И вот опять – [им одним. – зачеркнуто] одной мыслью полна я вся, одним желаньем, одним стремленьем.
Отодвинулась сцена, работа, успех – он один [любимый. – вымарано], [слово вымарано] один он со мной всегда-всегда [три слова вымарано].
Что же делать?
10 октября [1908 г.]. ПятницаЯ не могу писать, как [бывало. – зачеркнуто] прежде, все, сказанное словами, как-то теряет свою значимость и становится пустым и ненужным.
Вот теперь: трепещет душа [моя. – вымарано]. Тысячью [ощущений. – зачеркнуто] настроений, таких тонких, таких хрупких, о которых нельзя говорить.
И [только. – вымарано] песня новой любви звучит как [тихая. – вымарано] грустная [весенняя. – вымарано] весна.
[Рвется душа от неясного трепетного страдания. – вымарано.]
15 октября [1908 г.]. СредаТо, что было вчера, бывает один раз в жизни. Это утро – солнечное, радостное, трепетное.
[Более поздняя приписка]: Юбилей389.
18 октября [1908 г.]Вчера заходил на «Птицу» Вас. И я совсем ясно почувствовала, что не люблю его… [Сегодня умерло что-то во мне… – вымарано.] Пусто внутри меня, и [грустно. – зачеркнуто] тоскливо порой… Так тоскливо, что не хочется жить…
А вокруг все [так. – зачеркнуто] радостно, так хорошо… На мне – «надежда театра», широкий светлый путь передо мной… Надо только работать… [Только. – вымарано] работать… Такое простое понятное слово… Так легко это сказать – работать.
[Да ведь. – вымарано] нет силы во мне, нет вдохновенья…
Внутри меня – пустота, тупое равнодушие…
Душа моя ничем не согрета, и неоткуда взять мне этой солнечной энергии, с которой человек все победить может, все преодолеть.
Хочется мне ласки, тепла – а вокруг [холодные, пустые. – зачеркнуто] лица с приветливыми улыбками и пустой душой…

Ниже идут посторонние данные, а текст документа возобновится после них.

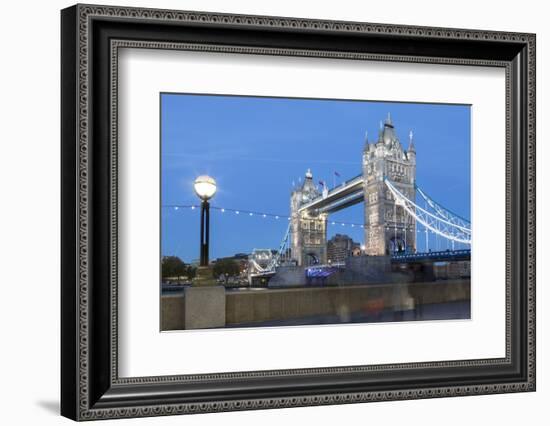 Tourists and Passers by Stop to Take Pictures of Tower Bridge at Dusk-Charlie Harding-Framed Photographic Print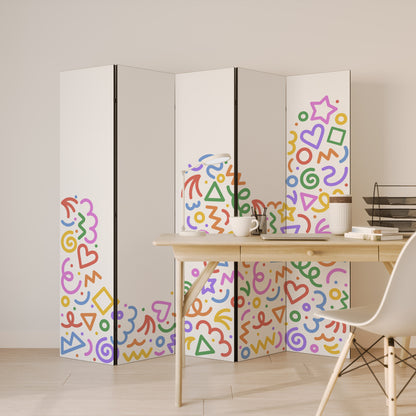 SHAPE EXCITEMENT Decorative 5-Panel Room Divider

И это новое затеплившееся чувство во мне не находит отклика и [тихо. – вымарано] тоскует [порой. – вымарано]… Так просит душа [ласки. – зачеркнуто] хоть немножечко тепла, хоть самую чуточку…

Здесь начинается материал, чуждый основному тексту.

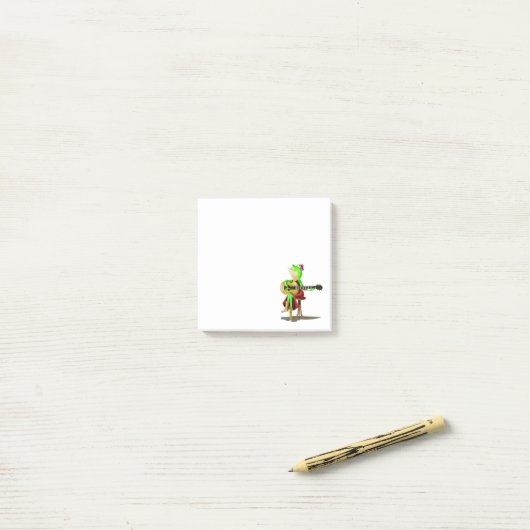 Funny Post it Notes mit Frog Playing Guitar Post-it Klebezettel (Auf Schreibtisch)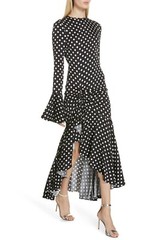 CAROLINE CONSTAS Black White Polka Dot Silk Bell Sleeve Ruffle Dress XS = 0/2 US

Противны мне страстные взгляды Василия Васильевича [Лужского] – противны его прикосновения, хочется чистого хорошего чувства, доброго теплого отношения…
Затосковала [душа моя. – вымарано] по какой-то чистоте – опротивела мне пошлость людских отношений.
17 декабря [1908 г.]После «Птицы».
2 часа ночи.
Я не могу уже больше писать. Я чувствую [свое. – зачеркнуто], как никогда, бессилие слова.
Рассказать о том трепете, который внутри меня, – нет возможности. Слова кончились. Слов нет больше390.
Ясно одно – живет скорбь внутри меня, и с ней я и умру, и полного счастья для меня нет. Оно есть в том, что мне дает жизнь, – но его нет в душе.
Внутри меня или беспокойство, [минутами. – зачеркнуто] или апатия – когда от отчаянья тупеет боль, или порывы радости и веселья от окружающей меня огромной странной жизни. И еще – вспышки любви – той большой [слово вымарано].